Japan’s core consumer prices rose for the eleventh straight month and household spending jumped in November, offering the central bank some hope a steady economic recovery will gradually drive up inflation to its 2 per cent target.

But the increase in prices was due mostly to a boost from rising fuel costs that is seen fading in 2018, keeping the Bank of Japan under pressure to maintain its huge monetary support even as other major central banks seek an end to crisis-mode policies.

The nationwide core consumer price index (CPI), which includes oil goods but excludes volatile fresh food prices, rose 0.9 per cent in November from a year earlier, government data showed on Tuesday, just ahead of a median market forecast for a 0.8 per cent annual rise and October’s 0.8 per cent gain.

Core consumer prices in Tokyo, available a month before the nationwide data, were up 0.8 per cent in December from a year earlier, faster than a median market forecast for 0.7 per cent growth.

Spending increases

Separate government data released on Tuesday showed household spending rose 1.7 per cent in November from a year earlier, much higher than market forecasts for a 0.5 per cent increase.

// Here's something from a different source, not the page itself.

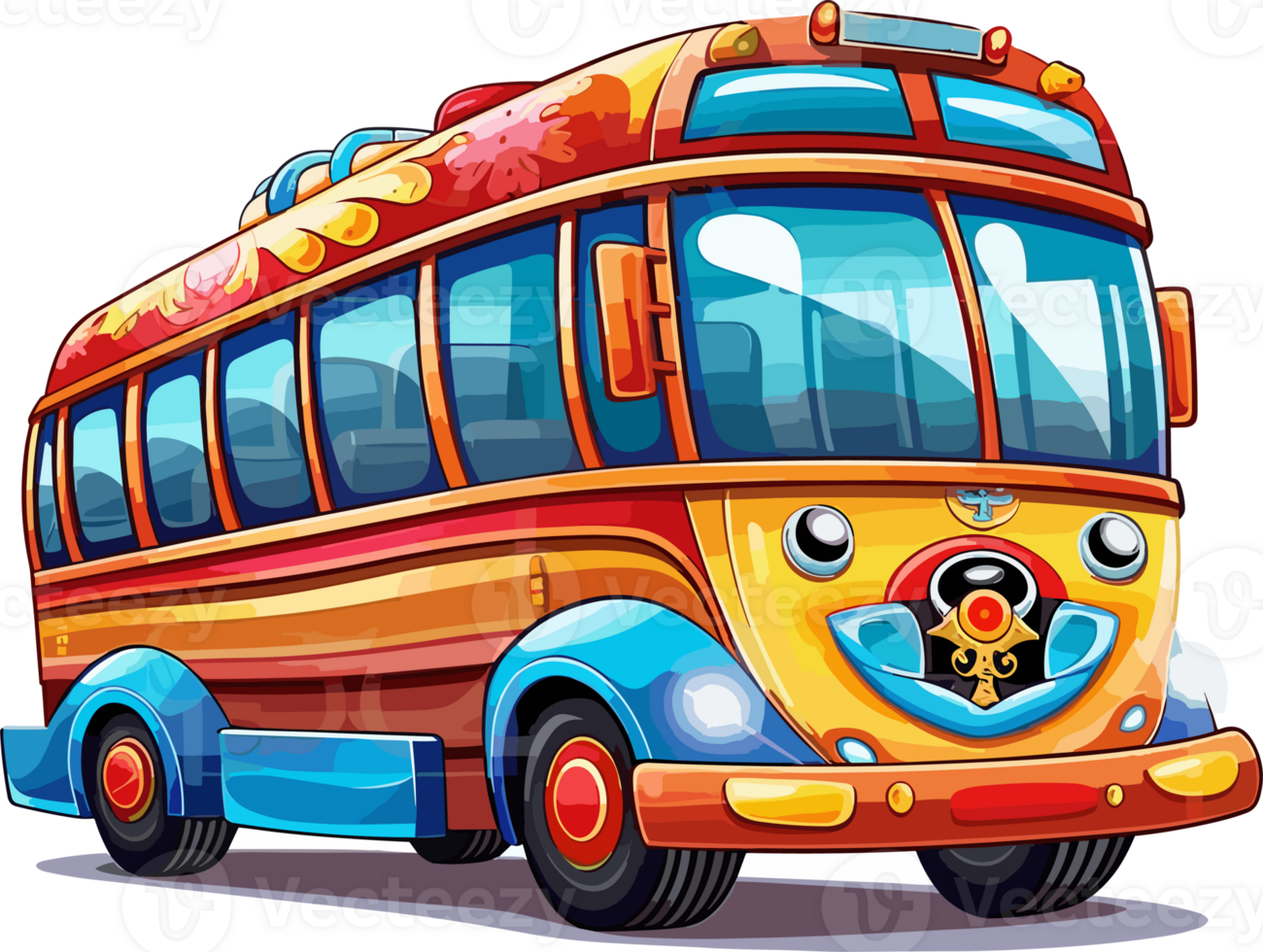 bus transparent background png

Japan's economy grew an annualised 2.5 per cent in July–September to mark a seventh straight quarter of growth thanks to robust exports and capital expenditure. But the inflation rate remains distant from the Bank of Japan’s (BOJ) 2 per cent target, as firms remain wary of scaring away cost-sensitive consumers with price hikes.

The BOJ kept monetary policy steady last week and its governor reassured markets the central bank will lag well behind overseas peers in ending its ultra-loose monetary settings.